On the surface, Minimalism as a life style choice appeared to offer me the tool set to make the positive changes I wanted to see happen. I am a very logical thinker so from there I needed to define Minimalism before I could embrace any sort of change in my life. Without doing this I didn't really know where to begin, how to begin or what it was that I was beginning. So I set about trying to create My own definition of Minimalism..... Actually that's not totally true. I didn't want to reinvent the wheel, what I was really trying to do was uncover "pure minimalism". At this point all I had really managed to find were very generic umbrella type definitions (remember the dangers of being too general).
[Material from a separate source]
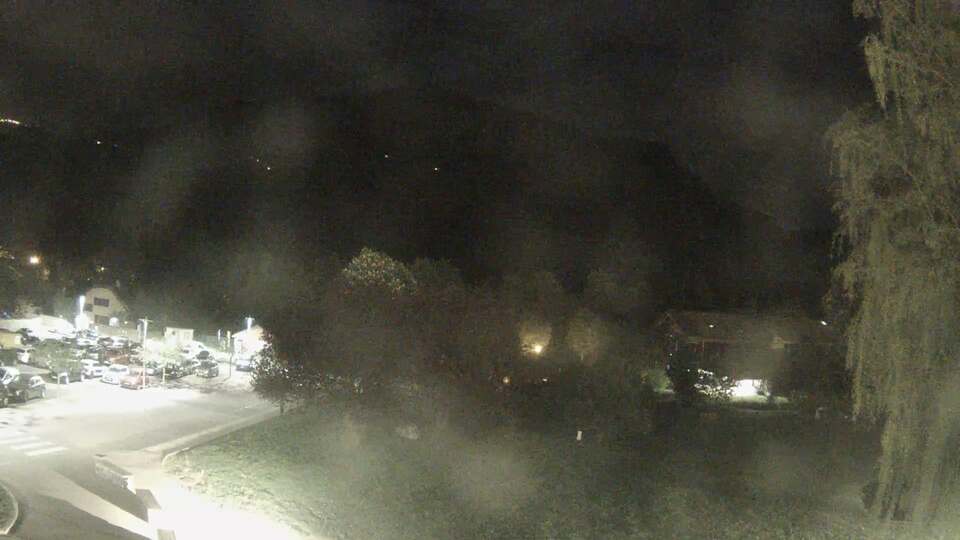 Webcam au niveau de la mairie du village du Bourg d'Oisans, aux pieds de l'Alpe d'Huez et aux portes du parc des Écrins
Armed with the decision that my focus was to be my family, my relationship and my personal spirituality, I was able to gain a small foothold of understanding and My personal definition of Minimalism began to take shape. The word "Minimise" obviously provided me with some insight. Its very general but basically I understood that it meant the reduction of something, downsizing, simplification, decluttering or basically "to make smaller and less complex". At this point I was still a long way off implementing any changes in my life, however I was now able to focus my thoughts a little more on ways to integrate the concept of Minimalism into my every day routine. The generic definition under which I would operate and use to create a more specific list of "life Rules", finally presented it's self to me via the Internet:
The definition (artistic focus):
"Minimalism is an artistic movement which sets out to expose the essence, essentials or identity of a subject through eliminating all non-essential forms, features or concepts"
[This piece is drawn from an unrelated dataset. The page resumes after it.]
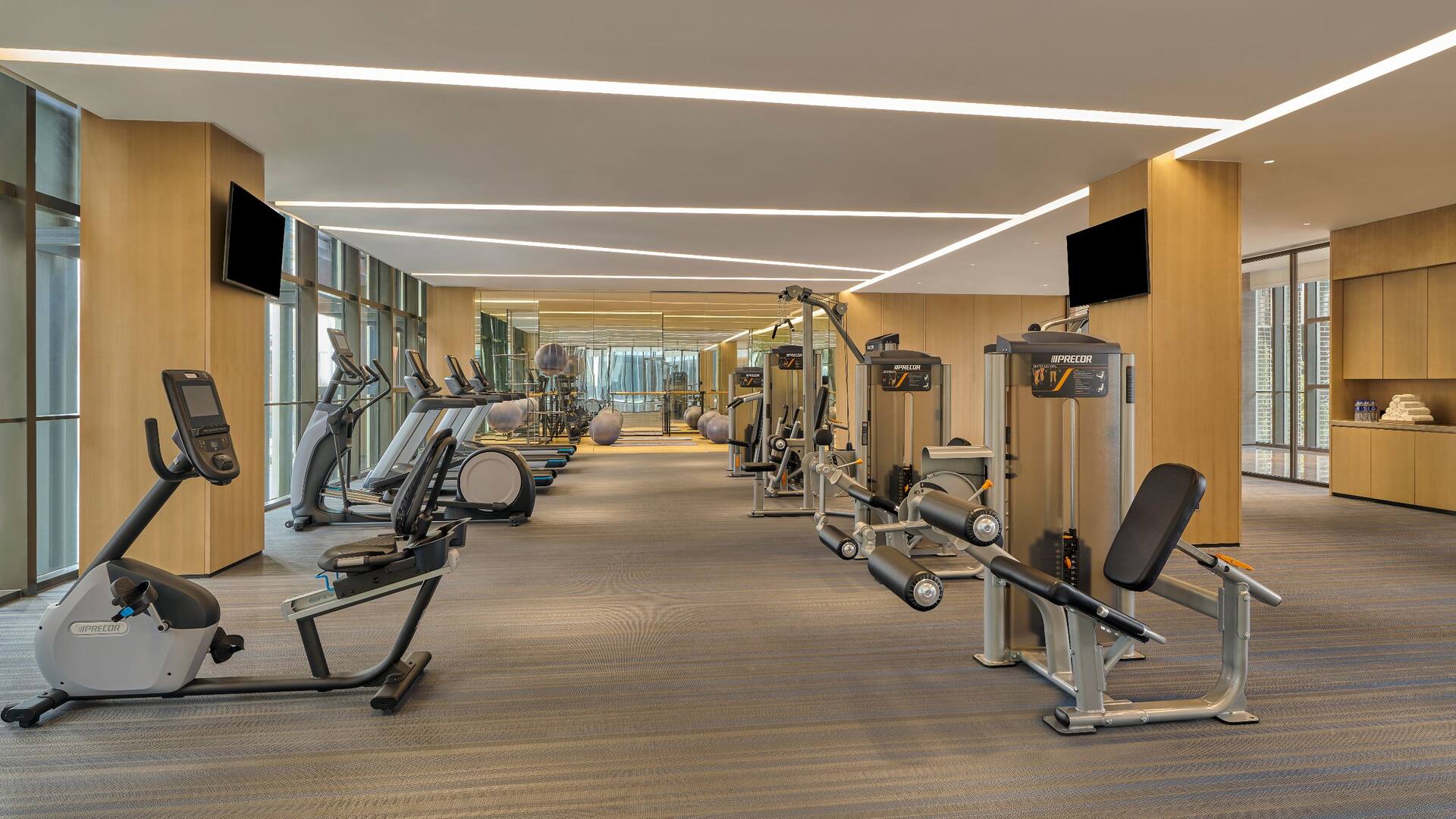 Hyatt Regency Shanghai Lingang Fitness Center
The definition that I finally settled on came about after looking at dictionary definitions associated with minimalism and then doing a billion trillion hours of research to try and determine the true essence of Minimalism. Through examining the concept from a more holistic/spiritual stand point my definition, more worldly less artistic than the original, came into being. When doing this I tried to keep in mind that the end goal should not only be to only make my life better but MORE importantly to positively impact those close to me. Notice my focus is Family, relationships and lastly "spirituality" (more "self" orientated and thus third on my list).
Minimalism is a life style choice which sets out to enhance family life, relationships and personal spirituality by revealing the essence and essentials of daily life through eliminating all non-essential forms, features, concepts, actions, views or possessions.
Great, now that I had a definition I could begin to read more about Minimalism, subscribe to blogs, chat with like minded people and join online communities to further work out what Minimalism means to me. From there I could formulate my "life rules", checked and balanced against my definition. My definition became my sounding board so to speak. I like to call my version "Essential Minimalism" as I believe it reflects the most pure form of Minimalism because my goals are focused on others not myself. It was only because I now had a working definition that I could begin to look at my life critically with a view to change.
"A mind can't know the light without having experienced darkness". I have lived a life of excess, confusion, complexity, self indulgence and sometimes total anarchy. Minimalism became my light and my previous mindset/life the darkness. As my definition came to light so I moved out of a life of darkness... I was no longer seeing things through selfish eyes, I was not going to be one of the "little boxes on a hill side (quoted from the song little boxes) anymore.
WOW, "I'm a Minimalist", I can remember thinking..... NOT.... With hindsight I can see I still had a long way to go. I did however have a new weapon in my arsenal, MY definition of essential minimalism. So where was I.... I knew I needed to minimise the non-essential in order simplify my life, but where the hell do I begin and what do I need to change. To make matters even more daunting I was still unsure if doing this would really achieve anything or make things better... Maybe it will make my life worse !!